While we had suggested in our December Portfolio Managers’ Brief video that investors needed to be cautious ahead of the next phase of tariffs, much of that concern had been centered around the manufacturing sector.
Although, with stock market returns being largely driven by strong consumer and services sectors, this prospect was having little impact on the current uptrend.
However, if realized, Trump’s threat to impose additional tariffs on $156 billion worth of Chinese-made consumer goods just ahead of Christmas would have likely dampened U.S. consumer optimism, and thereby risked impacting the ongoing market rally.
Now, with an initial “Phase 1” trade agreement reached (albeit not signed) and the near-term risk of additional tariffs behind us, optimism continues to run at an all-time high and the stock market continues to get expensive as valuations stretch.
We think that there is still the potential for modest growth, but any sustainable premium must come from both increased corporate earnings and upward revisions to earnings-per-share forecasts into early 2020. This latest breakthrough in China-U.S. trade relations should help support this outlook.
Price Targets and Models
Financial market price targets based on macroeconomic models also call for a continued, yet modest climb. At the time of this writing, probabilities indicate that the Fed will hold interest rates steady until mid-year. At such a time, the chance of a rate cut vs. further holding becomes more balanced, and the likelihood of further equity market expansion will be more muted.

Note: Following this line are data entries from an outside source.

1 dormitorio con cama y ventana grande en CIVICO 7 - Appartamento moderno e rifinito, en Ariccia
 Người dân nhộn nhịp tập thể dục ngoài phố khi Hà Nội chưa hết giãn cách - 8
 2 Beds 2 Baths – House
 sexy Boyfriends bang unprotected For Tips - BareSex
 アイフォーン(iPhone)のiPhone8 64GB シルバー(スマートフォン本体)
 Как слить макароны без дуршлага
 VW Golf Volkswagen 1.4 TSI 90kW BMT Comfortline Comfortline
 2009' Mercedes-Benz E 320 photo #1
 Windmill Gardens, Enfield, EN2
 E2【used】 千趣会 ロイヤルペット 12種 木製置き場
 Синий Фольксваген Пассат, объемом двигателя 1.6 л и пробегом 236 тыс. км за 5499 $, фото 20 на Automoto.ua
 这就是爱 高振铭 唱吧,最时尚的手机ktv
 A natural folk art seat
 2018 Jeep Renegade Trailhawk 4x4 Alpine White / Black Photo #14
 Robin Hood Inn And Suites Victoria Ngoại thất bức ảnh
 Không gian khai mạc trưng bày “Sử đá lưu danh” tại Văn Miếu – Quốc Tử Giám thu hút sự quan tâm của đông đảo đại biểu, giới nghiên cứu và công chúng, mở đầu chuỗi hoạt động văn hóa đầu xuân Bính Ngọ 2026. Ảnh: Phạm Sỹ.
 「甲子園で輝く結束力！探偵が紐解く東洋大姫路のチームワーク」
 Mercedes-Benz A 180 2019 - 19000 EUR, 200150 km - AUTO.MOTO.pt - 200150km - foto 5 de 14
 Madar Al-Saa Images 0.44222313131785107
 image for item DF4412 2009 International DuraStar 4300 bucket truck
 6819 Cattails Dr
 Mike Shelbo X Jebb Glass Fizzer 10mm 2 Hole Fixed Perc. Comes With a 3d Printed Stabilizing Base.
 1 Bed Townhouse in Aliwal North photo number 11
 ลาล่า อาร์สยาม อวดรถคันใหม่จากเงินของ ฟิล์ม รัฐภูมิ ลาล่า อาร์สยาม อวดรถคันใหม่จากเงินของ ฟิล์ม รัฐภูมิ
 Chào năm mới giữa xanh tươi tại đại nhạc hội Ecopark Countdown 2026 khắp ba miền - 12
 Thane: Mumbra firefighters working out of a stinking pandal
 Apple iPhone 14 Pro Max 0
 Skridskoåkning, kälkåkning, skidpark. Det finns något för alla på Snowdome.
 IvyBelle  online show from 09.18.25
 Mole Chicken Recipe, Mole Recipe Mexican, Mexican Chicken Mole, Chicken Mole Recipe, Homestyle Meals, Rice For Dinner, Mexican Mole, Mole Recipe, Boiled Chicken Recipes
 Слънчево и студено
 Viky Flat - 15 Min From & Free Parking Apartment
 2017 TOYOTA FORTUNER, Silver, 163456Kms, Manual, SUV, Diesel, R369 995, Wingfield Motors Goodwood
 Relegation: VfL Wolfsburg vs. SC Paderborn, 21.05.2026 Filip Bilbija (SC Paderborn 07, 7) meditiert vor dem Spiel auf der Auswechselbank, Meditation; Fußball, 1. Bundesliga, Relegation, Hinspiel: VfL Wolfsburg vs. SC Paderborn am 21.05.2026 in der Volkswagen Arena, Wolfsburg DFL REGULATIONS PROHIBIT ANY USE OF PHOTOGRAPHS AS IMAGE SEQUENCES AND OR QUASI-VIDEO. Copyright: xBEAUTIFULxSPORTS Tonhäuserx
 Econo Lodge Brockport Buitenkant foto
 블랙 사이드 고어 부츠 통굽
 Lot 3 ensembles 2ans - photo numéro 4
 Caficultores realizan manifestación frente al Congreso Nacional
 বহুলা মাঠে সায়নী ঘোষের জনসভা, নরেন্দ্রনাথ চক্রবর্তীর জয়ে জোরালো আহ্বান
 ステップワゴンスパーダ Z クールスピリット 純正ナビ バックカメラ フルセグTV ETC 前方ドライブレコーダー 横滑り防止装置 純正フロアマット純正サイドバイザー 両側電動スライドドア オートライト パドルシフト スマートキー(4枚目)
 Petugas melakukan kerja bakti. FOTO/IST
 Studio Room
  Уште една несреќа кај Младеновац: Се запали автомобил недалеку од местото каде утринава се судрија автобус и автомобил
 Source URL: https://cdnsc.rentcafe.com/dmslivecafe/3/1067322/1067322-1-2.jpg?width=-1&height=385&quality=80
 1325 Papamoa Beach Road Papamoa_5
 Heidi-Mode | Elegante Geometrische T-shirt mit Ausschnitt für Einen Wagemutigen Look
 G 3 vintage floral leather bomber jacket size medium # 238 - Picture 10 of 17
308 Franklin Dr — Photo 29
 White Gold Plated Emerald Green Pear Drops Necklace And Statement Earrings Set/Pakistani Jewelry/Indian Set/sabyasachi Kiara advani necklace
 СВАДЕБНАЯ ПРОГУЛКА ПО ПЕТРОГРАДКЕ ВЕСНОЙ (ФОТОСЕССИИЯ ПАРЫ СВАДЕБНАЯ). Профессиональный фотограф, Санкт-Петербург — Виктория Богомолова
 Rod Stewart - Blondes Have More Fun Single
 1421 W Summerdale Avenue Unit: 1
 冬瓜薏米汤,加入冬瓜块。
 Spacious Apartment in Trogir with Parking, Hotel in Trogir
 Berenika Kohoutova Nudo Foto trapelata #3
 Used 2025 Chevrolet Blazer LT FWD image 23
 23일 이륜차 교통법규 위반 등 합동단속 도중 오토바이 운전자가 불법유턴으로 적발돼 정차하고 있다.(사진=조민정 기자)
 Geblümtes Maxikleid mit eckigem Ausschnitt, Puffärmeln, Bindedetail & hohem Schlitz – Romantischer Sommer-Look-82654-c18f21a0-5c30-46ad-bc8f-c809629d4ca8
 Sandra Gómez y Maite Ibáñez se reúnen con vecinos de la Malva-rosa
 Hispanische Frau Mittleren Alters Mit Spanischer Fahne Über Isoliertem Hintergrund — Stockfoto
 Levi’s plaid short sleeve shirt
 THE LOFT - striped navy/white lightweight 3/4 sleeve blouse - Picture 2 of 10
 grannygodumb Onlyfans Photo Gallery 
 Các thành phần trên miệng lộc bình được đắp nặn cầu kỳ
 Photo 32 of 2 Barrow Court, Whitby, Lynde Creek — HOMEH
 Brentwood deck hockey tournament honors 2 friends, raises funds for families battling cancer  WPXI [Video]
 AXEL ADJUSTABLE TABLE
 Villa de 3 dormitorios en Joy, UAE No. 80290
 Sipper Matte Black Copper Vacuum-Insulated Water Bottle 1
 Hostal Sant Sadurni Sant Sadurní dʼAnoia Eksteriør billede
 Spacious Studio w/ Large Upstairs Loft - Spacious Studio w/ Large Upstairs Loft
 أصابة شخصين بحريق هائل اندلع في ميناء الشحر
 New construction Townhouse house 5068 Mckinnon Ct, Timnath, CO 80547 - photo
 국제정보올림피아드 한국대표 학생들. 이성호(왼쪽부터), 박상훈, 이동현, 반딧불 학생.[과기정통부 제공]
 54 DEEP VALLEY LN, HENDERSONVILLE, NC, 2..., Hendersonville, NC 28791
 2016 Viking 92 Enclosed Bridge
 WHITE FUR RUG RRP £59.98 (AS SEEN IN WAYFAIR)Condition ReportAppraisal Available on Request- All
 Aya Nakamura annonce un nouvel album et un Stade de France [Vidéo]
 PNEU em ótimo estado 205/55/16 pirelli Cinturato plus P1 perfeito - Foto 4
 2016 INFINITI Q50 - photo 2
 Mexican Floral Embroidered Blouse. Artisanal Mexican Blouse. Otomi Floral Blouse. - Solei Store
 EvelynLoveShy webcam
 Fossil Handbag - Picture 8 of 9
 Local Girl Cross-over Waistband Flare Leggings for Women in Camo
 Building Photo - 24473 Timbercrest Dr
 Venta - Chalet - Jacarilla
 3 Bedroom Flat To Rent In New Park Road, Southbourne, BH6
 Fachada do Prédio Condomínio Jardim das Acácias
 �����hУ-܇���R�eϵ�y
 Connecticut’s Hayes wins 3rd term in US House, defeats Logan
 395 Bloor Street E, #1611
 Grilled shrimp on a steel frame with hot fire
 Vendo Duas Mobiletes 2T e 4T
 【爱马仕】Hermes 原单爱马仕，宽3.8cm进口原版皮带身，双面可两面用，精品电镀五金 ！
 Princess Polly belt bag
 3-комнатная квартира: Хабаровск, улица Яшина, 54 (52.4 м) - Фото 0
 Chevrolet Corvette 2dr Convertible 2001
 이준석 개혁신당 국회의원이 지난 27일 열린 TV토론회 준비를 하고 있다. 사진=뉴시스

Looking at macroeconomic drivers of earnings per share, new orders of capital goods are near a twelve-year peak and seem challenged to move higher. Manufacturing ISM numbers in the U.S., which are now below a level of 50, also suggest contraction, although still not low enough to threaten recession.
On a positive note, services ISM numbers remain resilient as do unemployment numbers. Nonetheless, macroeconomic drivers of equity EPS growth are not as strong as we’d like them to be.
Optimistic Yet Defensive
As we close out 2019, we continue to remain optimistic yet defensive in our portfolio management approach. Many of the risks that continue to underlie what appears to be an unshakeable bullish market have yet to be resolved.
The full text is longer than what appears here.